Duo’s JavaScript handles the setup and communication between the IFRAME, the user, and the server. First, include a short snippet of JavaScript in the page, found here.

  1. After the user is successfully verified by Duo the IFRAME will generate a signed response called sig_response and POST it back to the post_action URL mentioned in script. Then call verify_response() to verify that the signed response is legitimate.

–Signed response is an assertion that the user completed both primary and secondary authentication. verify_response() takes integration key (ikey), secret key (skey), akey, and the signed response as inputs. It will return the username of the authenticated user if the response is valid, or null if the response is invalid.


— enrolling users who can login via DUO MFA

Users need to be enrolled on DUO cloud platform, before they can login via DUO auth in our web app. Ideally, existing users from app database can be imported to DUO by uploading a CSV file (details). For now we can manually add a sample user to test 2-factor auth at our app end.

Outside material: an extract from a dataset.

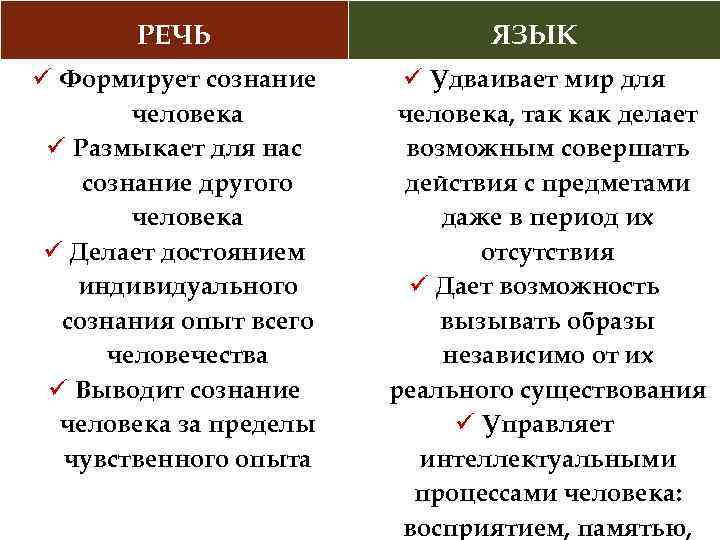 РЕЧЬ ü Формирует сознание человека ü Размыкает для нас сознание другого человека ü Делает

–steps to add sample user for DUO MFA

  1. In DUO Admin portal, navigate to Users, click Add User and enter a username and email. Save changes.
  2. Click “Send Enrollment Email”
  3. Click the link received in enrollment email to set up 2FA.
  4. Mobile number is mandatory for 2FA. Push notifications via DUO Mobile app are optional.
  5. Until users have successfully enrolled, they are listed in “Pending Enrollment” section in DUO Admin portal.

Once enrolled, this “username” can be used in step 9 above for calling sign_request().



For more detailed procedure DUO official documentation can be referred.